I'm more at a loss each time with this. Here's a quote from the same php page you quote...I was reading it earlier

URL based session management has additional security risks compared to cookie based session management. Users may send an URL that contains an active session ID to their friends by email or users may save an URL that contains a session ID to their bookmarks and access your site with the same session ID always, for example.

So not all browsers accept cookies, and using URL's and having the sessionid in the URL poses a problem. It's making me wonder how it can be done....google aside :)

hyperion

10+ Year Member



 
Msg#: 7239 posted 8:32 pm on Dec 1, 2002 (gmt 0)

@ruserious,

no, it was the only change I made for six months, and there are no links to other sites, so bad neighbourhood cannot have been the cause, either.
And when I dumped the change, I got back into google with the next update. Maybe it works if you use the PHP-session handling functions, so that googlebot knows only sessid is missing, but because I use my own set of session functions, I had a get-paramter with a different name.
But I wouldn't try again ;-)...

nutsandbolts

WebmasterWorld Senior Member 10+ Year Member



 
Msg#: 7239 posted 8:45 pm on Dec 1, 2002 (gmt 0)

Thanks for the replies so far - well, I think I will leave things as they are then.... I'm just not confident enough that it's a safe way to do things especially after my near-12 month absence from Google!

burt_online

10+ Year Member



 
Msg#: 7239 posted 11:42 pm on Dec 3, 2002 (gmt 0)

Hi. That script in no way "redirects" or "cloaks" the site. It simply does not produce a Session ID if one of the "spiders" in the array is visiting.

I am successfully using that exact script (as I am the "clever clogs" ;) that wrote it) across a number of Oscommerce sites that I admin.

Initial results:

270 products in the database of the main site I am tracking.
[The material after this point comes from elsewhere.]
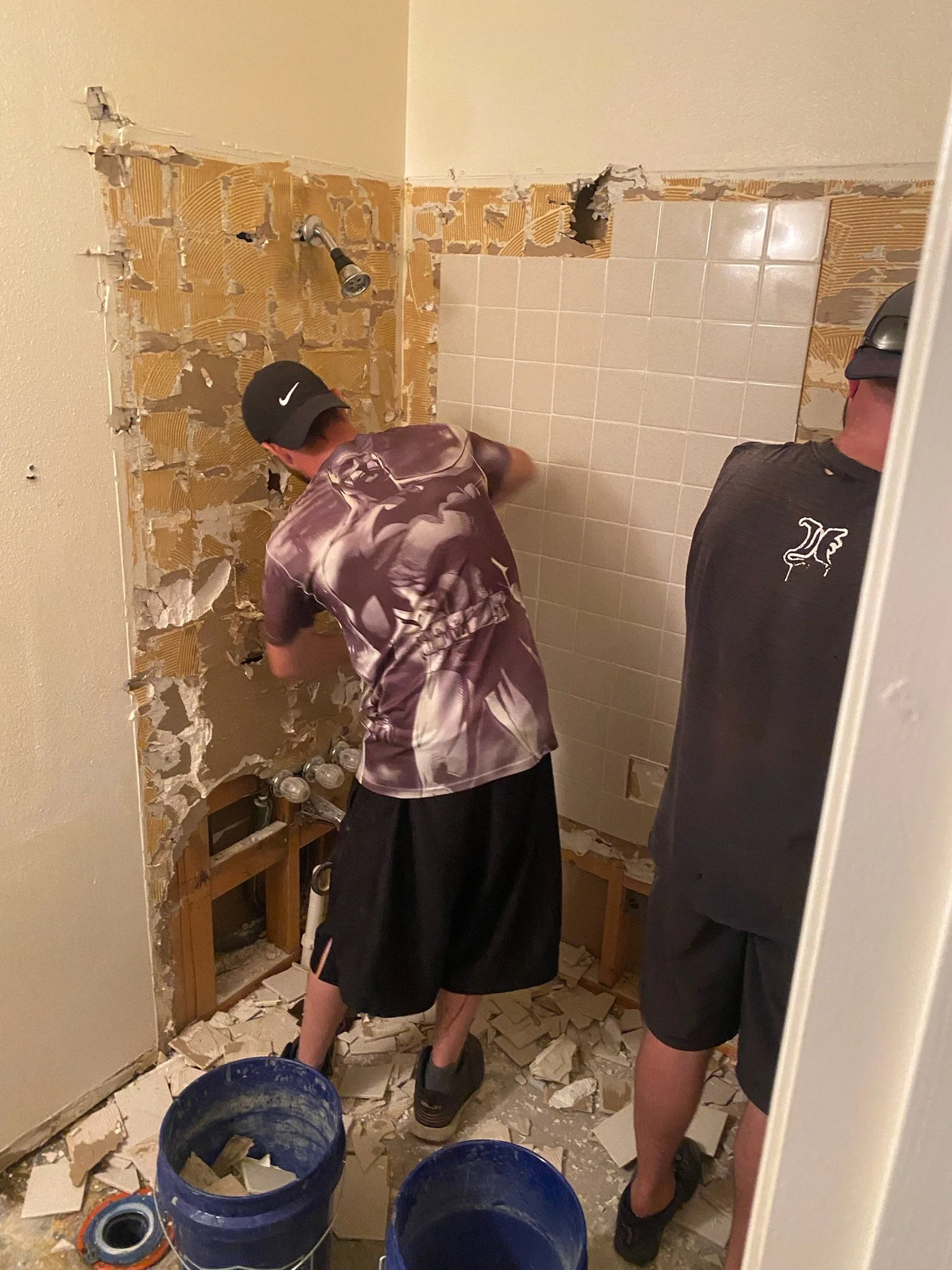 Two people working on a bathroom renovation. One person is breaking or removing tiles from the wall, while the other observes. Tiles and debris are scattered on the floor, and buckets are nearby.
Before adding the script *no* product pages were listed.

Since adding in the script, in the update over the past few days, there are now 257 products listed, all without SID...

If anyone can defaintely tell me that this is a harmful script, then I'll be glad to listen and make amends to it, but as of now, the proof is here. No products before the script was introduced, 257 of 270 listed after the script was added....

Would definately appreciate any comments! Thanks.

WebGuerrilla

WebmasterWorld Senior Member 10+ Year Member



 
Msg#: 7239 posted 12:14 am on Dec 4, 2002 (gmt 0)

I did nearly the same thing on a site some month ago, and immediatly got the dreaded PR0 for it. (I really changed nothing else).
I agree it isn't cloaking, but googlebot will have some difficulty seeing the difference.

Googlebot doesn't "see" anything. It just retrieves links and stores data. If you were really only giving googlebot urls without a session id, there isn't any kind of automated way that googlebot can give you a penalty.

Loosing PR for a crawl cycle or two is fairly common. The fact that it happens doesn't mean you've been penalized.

No search engine has any legitimate reason to demand that sites that wish to be indexed must give up the right to track humans who use browsers with cookies disabled.

Any site that is serious about session tracking should setup a system that only excludes. Otherwise, you are giving up a significant amount of data.

Humans with cookies enabled get a cookie.

Humans with cookies disabled get a session id added to the url.

Spiders get neither.

IP/UA detction is the proper way to make that system work. And using such a system is no different than the geo targeting systems used by all search engines.

Onza

10+ Year Member



 
Msg#: 7239 posted 4:44 pm on Dec 4, 2002 (gmt 0)

I am just setting up a new Shop System, that uses a Session ID in the URL.

From this thread I have come to the conclusion, that using a similar script as provided by burt_online will be sufficient to enable spiders to index the product catalog.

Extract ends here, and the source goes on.